##### Supplied records #####
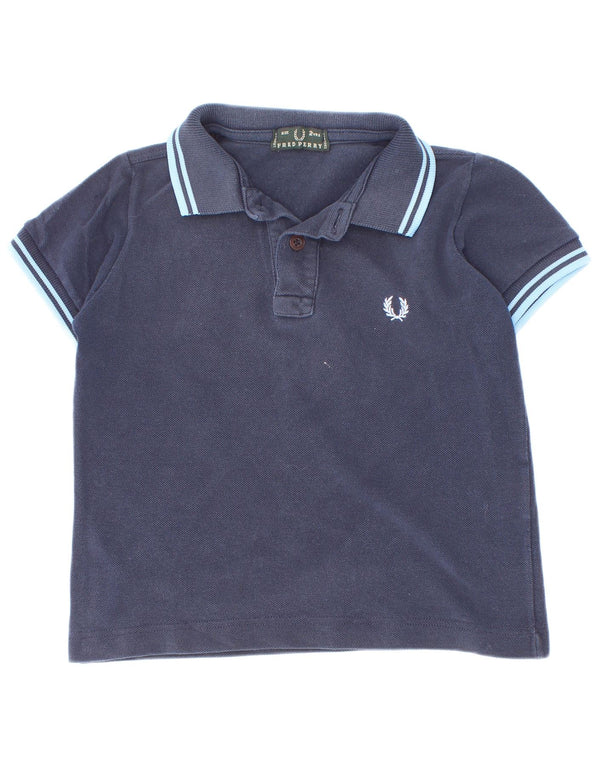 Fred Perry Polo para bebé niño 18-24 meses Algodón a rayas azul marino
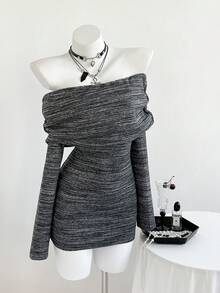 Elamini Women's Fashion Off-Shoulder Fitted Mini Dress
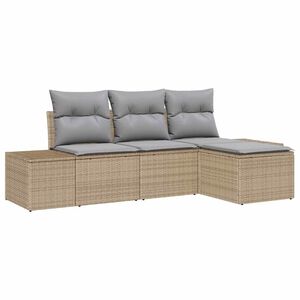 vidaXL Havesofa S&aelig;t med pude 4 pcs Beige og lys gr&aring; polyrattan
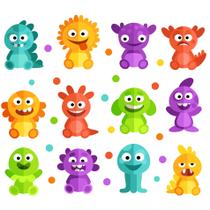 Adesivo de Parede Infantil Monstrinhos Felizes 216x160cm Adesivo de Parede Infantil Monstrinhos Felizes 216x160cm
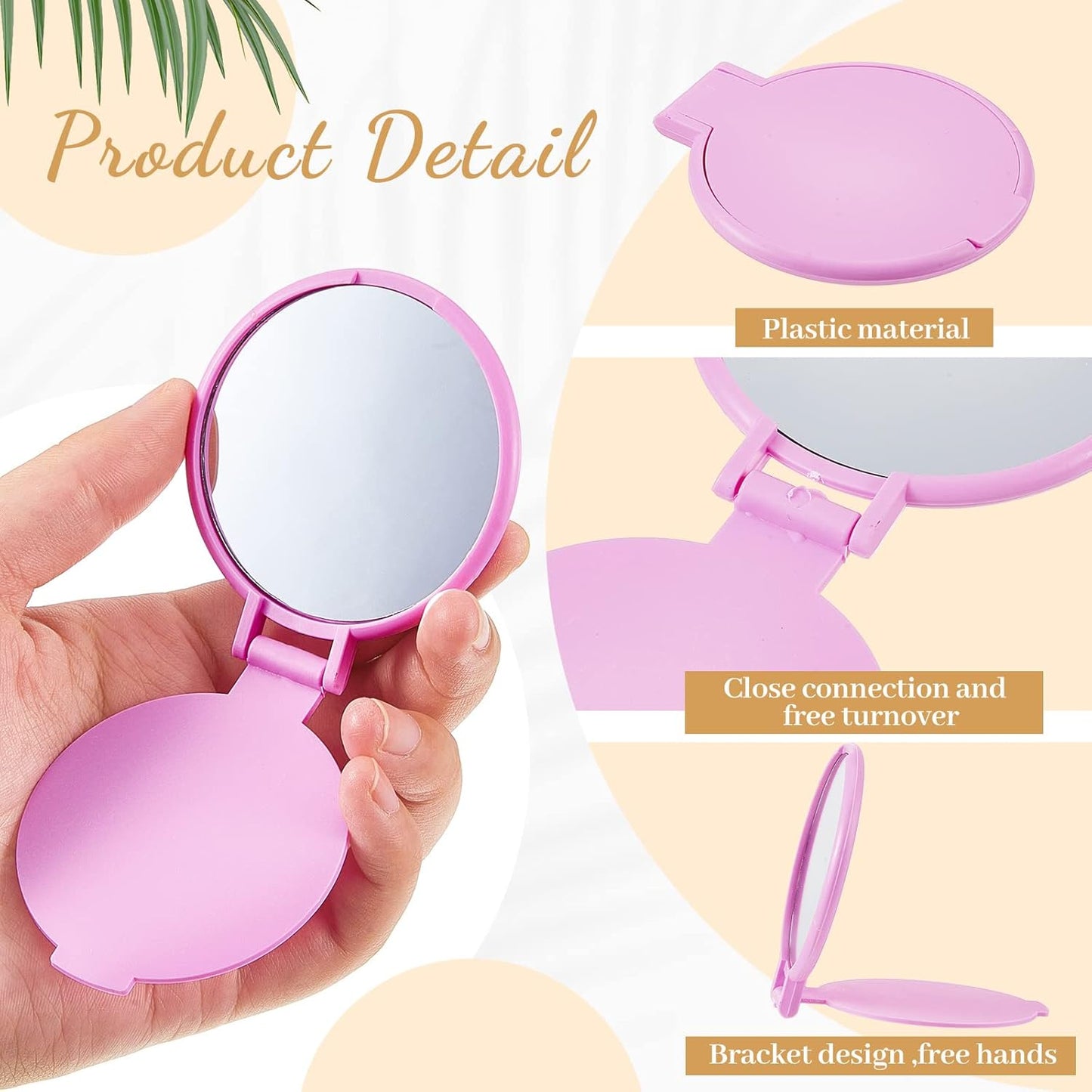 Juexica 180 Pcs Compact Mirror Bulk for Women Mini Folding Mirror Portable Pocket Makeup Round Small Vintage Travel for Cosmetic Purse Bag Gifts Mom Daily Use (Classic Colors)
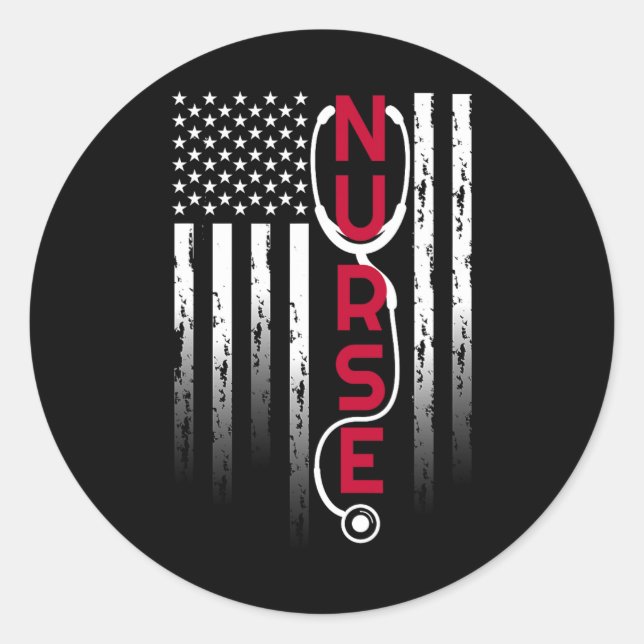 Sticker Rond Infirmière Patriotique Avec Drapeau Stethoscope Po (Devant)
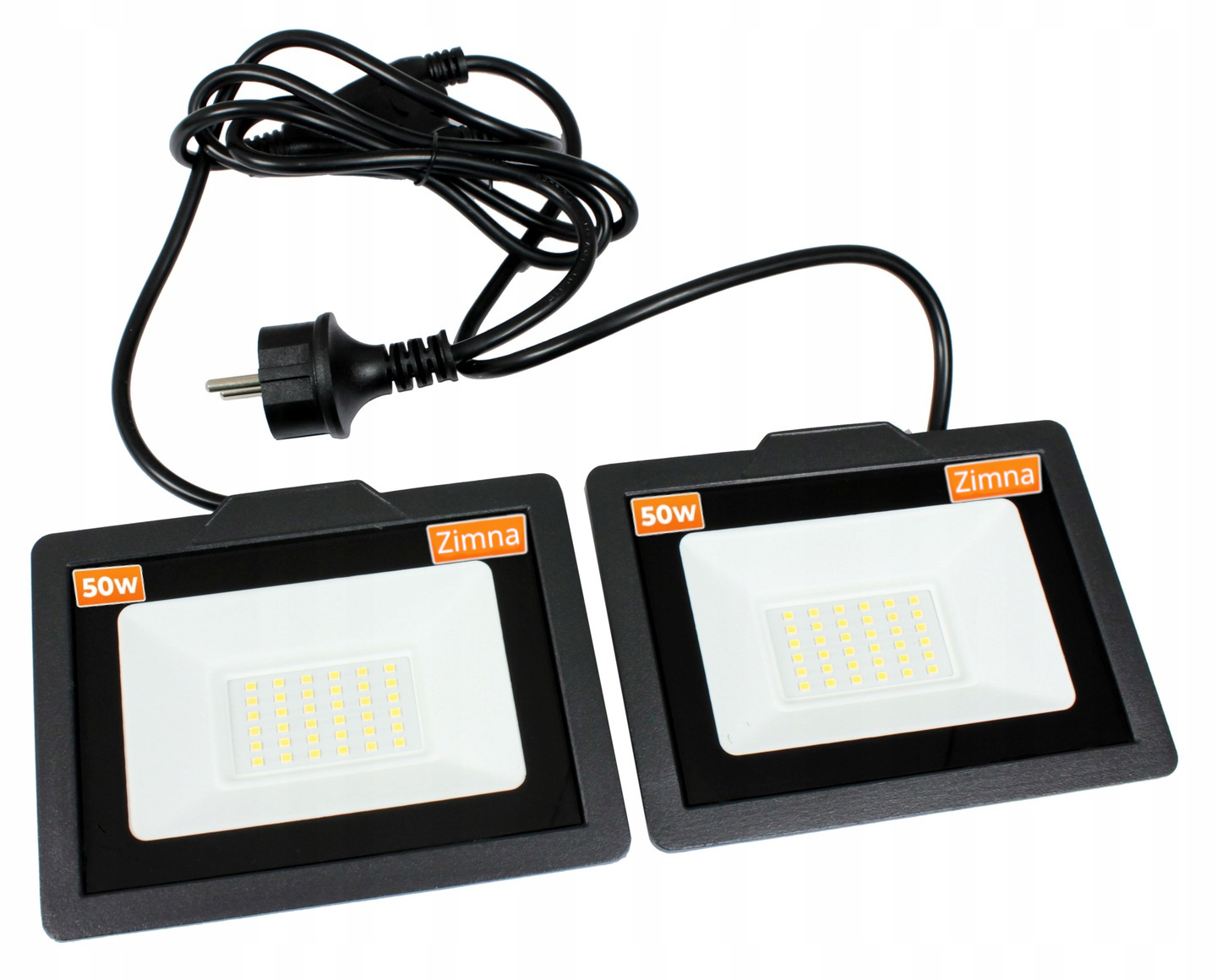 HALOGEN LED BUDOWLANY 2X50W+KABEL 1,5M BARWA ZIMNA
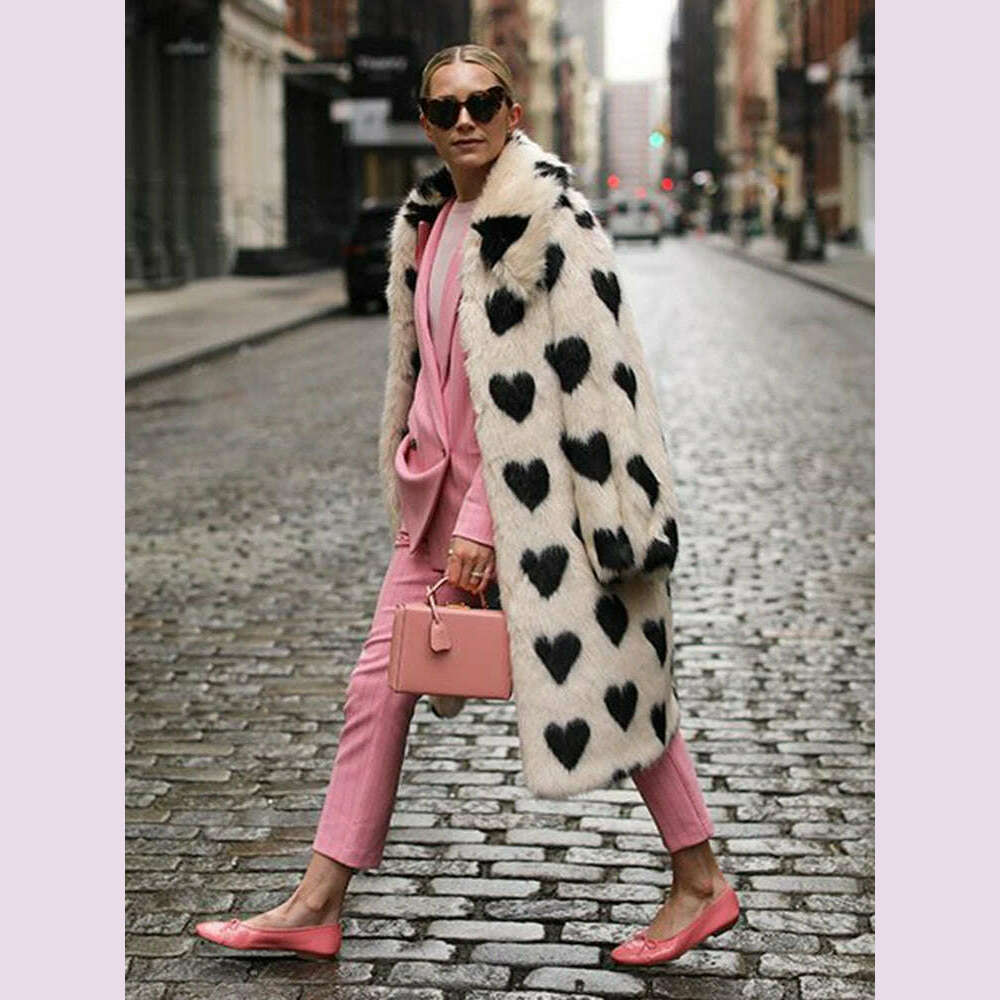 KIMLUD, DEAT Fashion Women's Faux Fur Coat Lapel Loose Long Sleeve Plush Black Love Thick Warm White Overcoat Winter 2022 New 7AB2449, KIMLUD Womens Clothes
#####
▸ **Assignment**:
Print the stretch of the data from the line with "vidaXL Havesofa S&aelig;t" through its last line, exactly and with both ends kept. Omit pictures.

▸ **Result**:
 vidaXL Havesofa S&aelig;t med pude 4 pcs Beige og lys gr&aring; polyrattan
 Adesivo de Parede Infantil Monstrinhos Felizes 216x160cm Adesivo de Parede Infantil Monstrinhos Felizes 216x160cm
 Juexica 180 Pcs Compact Mirror Bulk for Women Mini Folding Mirror Portable Pocket Makeup Round Small Vintage Travel for Cosmetic Purse Bag Gifts Mom Daily Use (Classic Colors)
 Sticker Rond Infirmière Patriotique Avec Drapeau Stethoscope Po (Devant)
 HALOGEN LED BUDOWLANY 2X50W+KABEL 1,5M BARWA ZIMNA
 KIMLUD, DEAT Fashion Women's Faux Fur Coat Lapel Loose Long Sleeve Plush Black Love Thick Warm White Overcoat Winter 2022 New 7AB2449, KIMLUD Womens Clothes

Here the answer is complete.